[SUPPLIED ENTRIES]

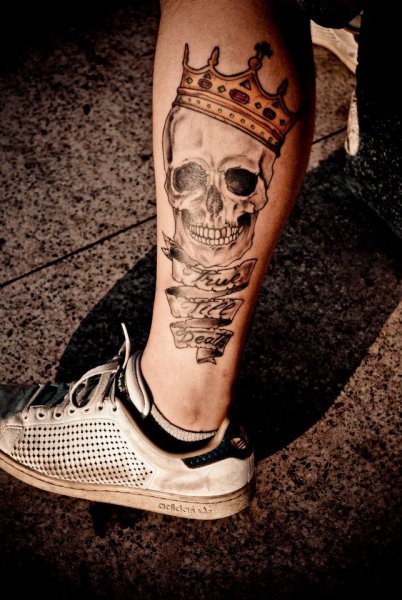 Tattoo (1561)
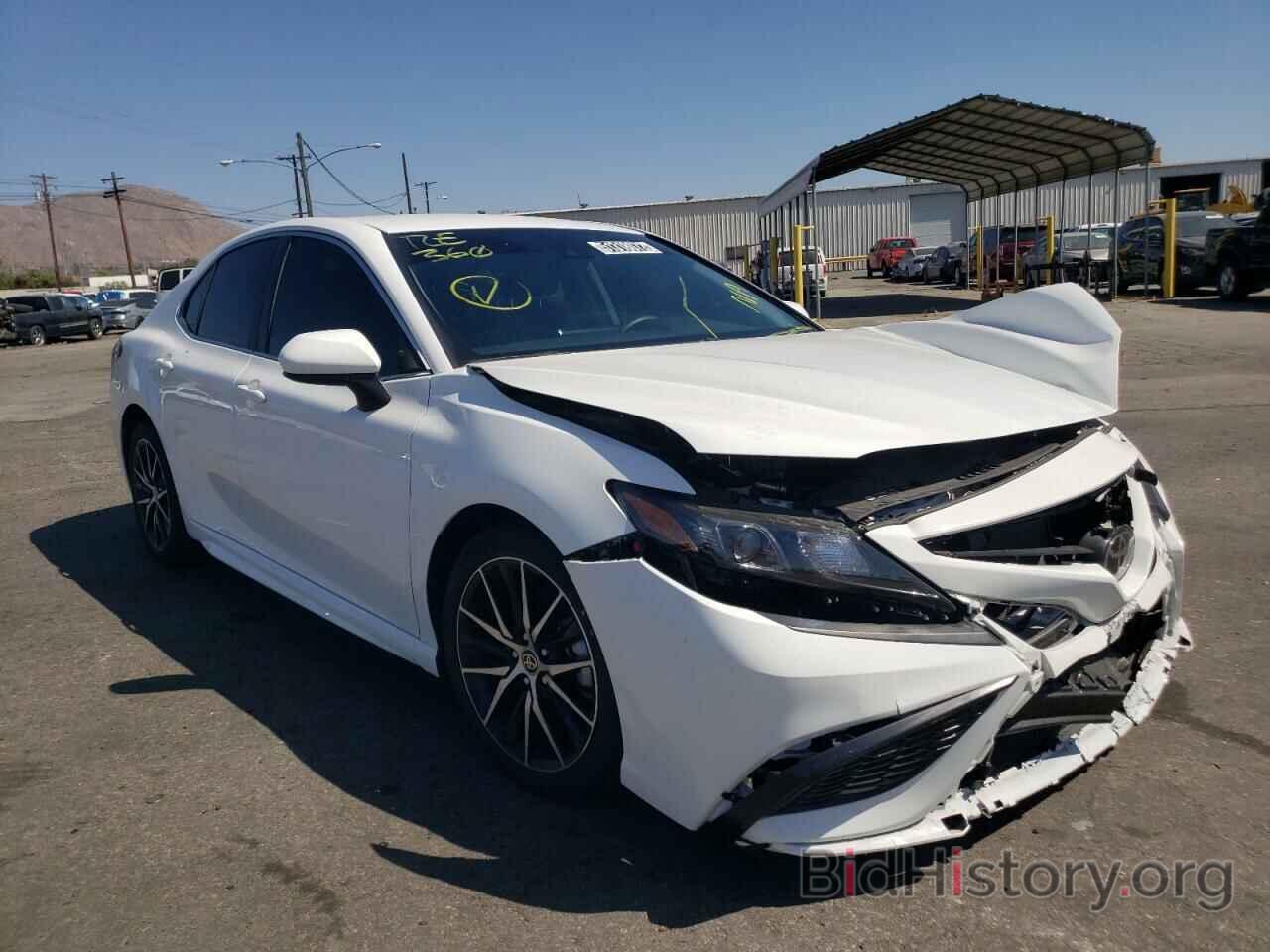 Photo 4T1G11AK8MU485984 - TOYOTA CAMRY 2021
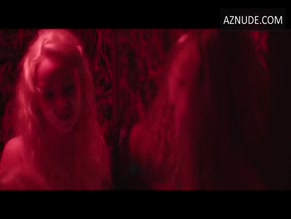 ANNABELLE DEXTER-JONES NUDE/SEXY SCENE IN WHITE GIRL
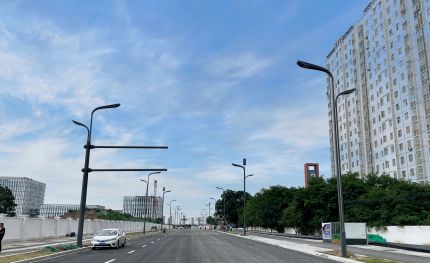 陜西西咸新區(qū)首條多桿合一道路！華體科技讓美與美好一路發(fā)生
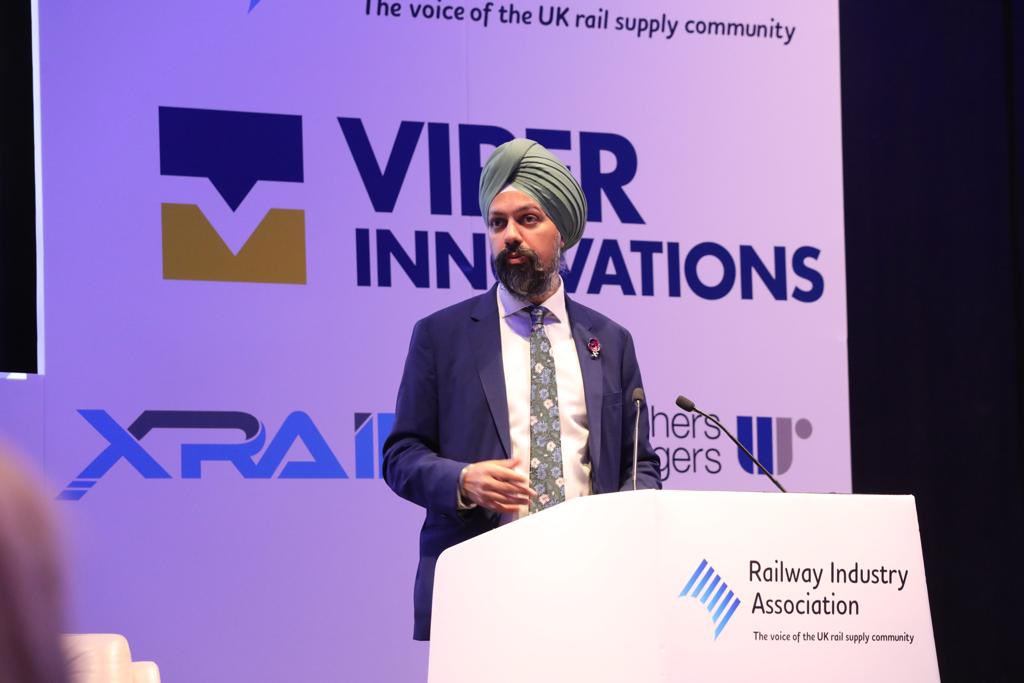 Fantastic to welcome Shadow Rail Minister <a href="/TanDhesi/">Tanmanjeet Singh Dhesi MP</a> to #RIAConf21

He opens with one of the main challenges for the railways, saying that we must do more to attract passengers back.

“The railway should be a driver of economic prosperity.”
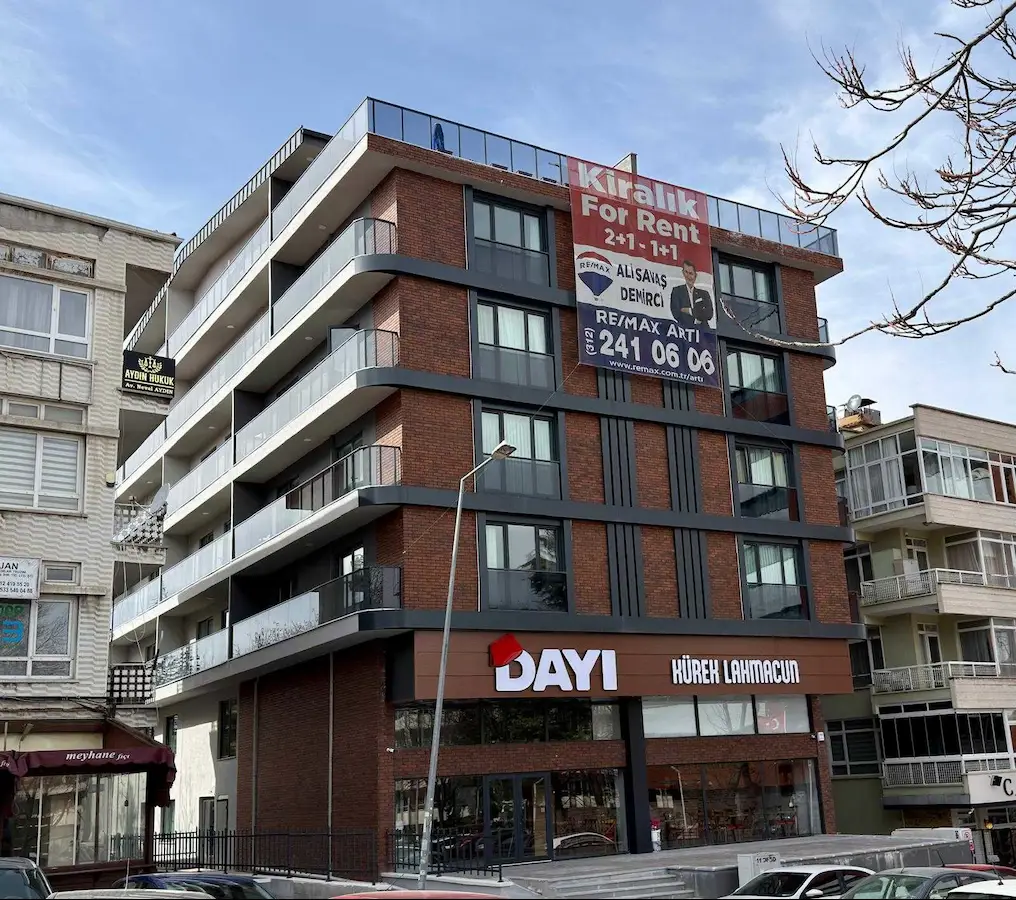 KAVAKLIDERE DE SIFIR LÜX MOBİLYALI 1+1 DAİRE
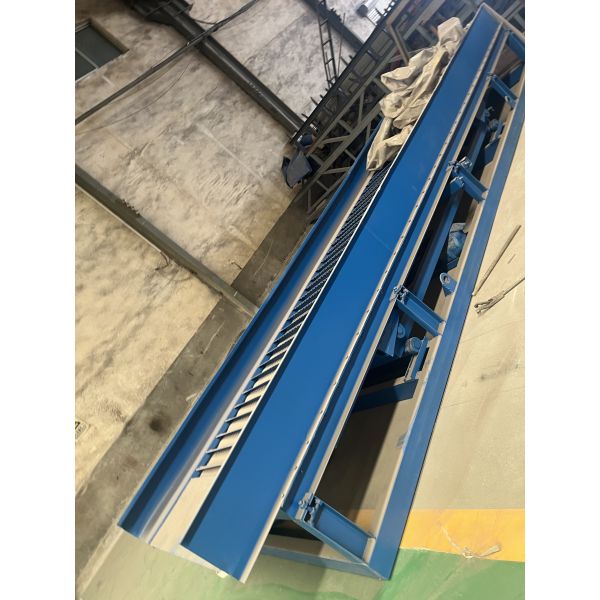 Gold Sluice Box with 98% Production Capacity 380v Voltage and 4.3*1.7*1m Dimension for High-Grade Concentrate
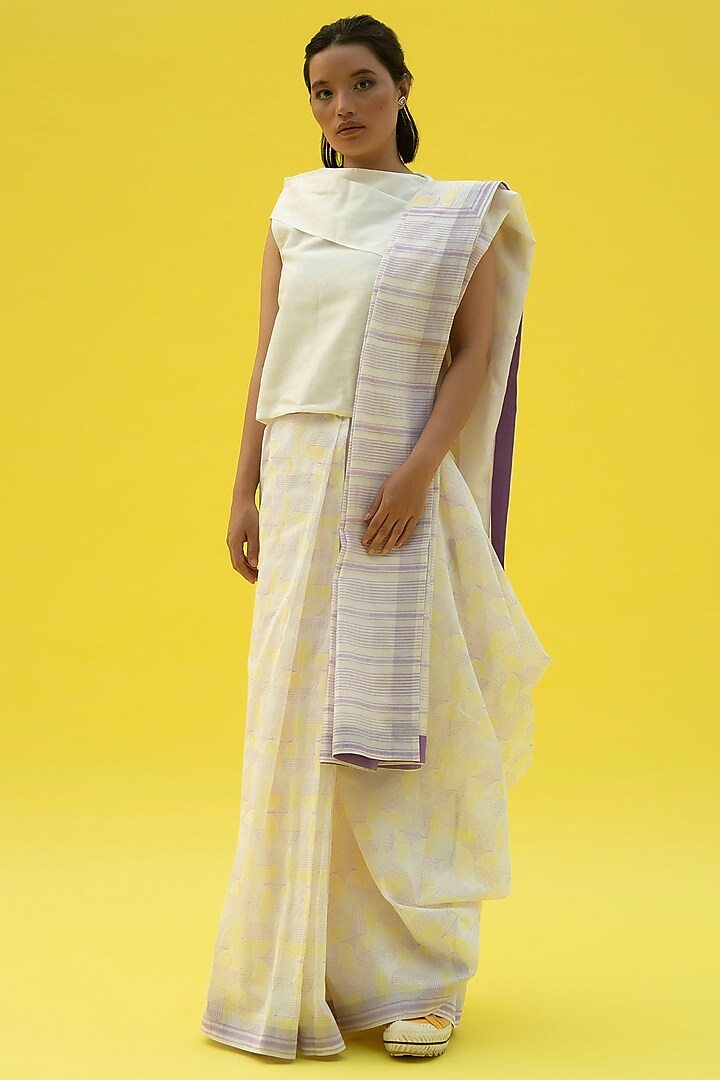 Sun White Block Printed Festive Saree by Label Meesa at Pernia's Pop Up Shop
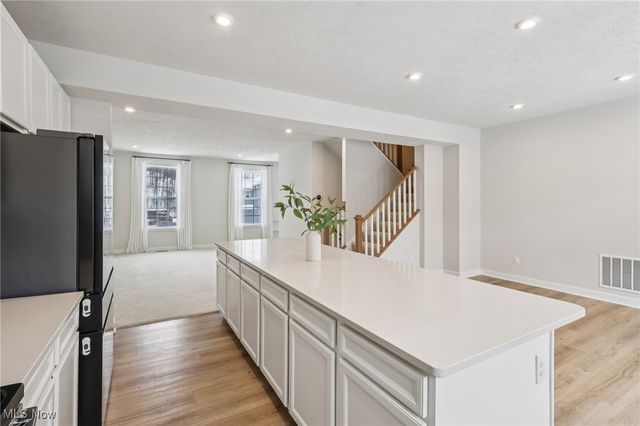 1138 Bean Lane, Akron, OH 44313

[/SUPPLIED ENTRIES]

_WORK REQUIRED:_ Every entry is to be transcribed exactly, but the pictures are to be left out.

_RESULT OF THE TASK:_
 Tattoo (1561)
 Photo 4T1G11AK8MU485984 - TOYOTA CAMRY 2021
 ANNABELLE DEXTER-JONES NUDE/SEXY SCENE IN WHITE GIRL
 陜西西咸新區(qū)首條多桿合一道路！華體科技讓美與美好一路發(fā)生
 Fantastic to welcome Shadow Rail Minister <a href="/TanDhesi/">Tanmanjeet Singh Dhesi MP</a> to #RIAConf21

He opens with one of the main challenges for the railways, saying that we must do more to attract passengers back.

“The railway should be a driver of economic prosperity.”
 KAVAKLIDERE DE SIFIR LÜX MOBİLYALI 1+1 DAİRE
 Gold Sluice Box with 98% Production Capacity 380v Voltage and 4.3*1.7*1m Dimension for High-Grade Concentrate
 Sun White Block Printed Festive Saree by Label Meesa at Pernia's Pop Up Shop
 1138 Bean Lane, Akron, OH 44313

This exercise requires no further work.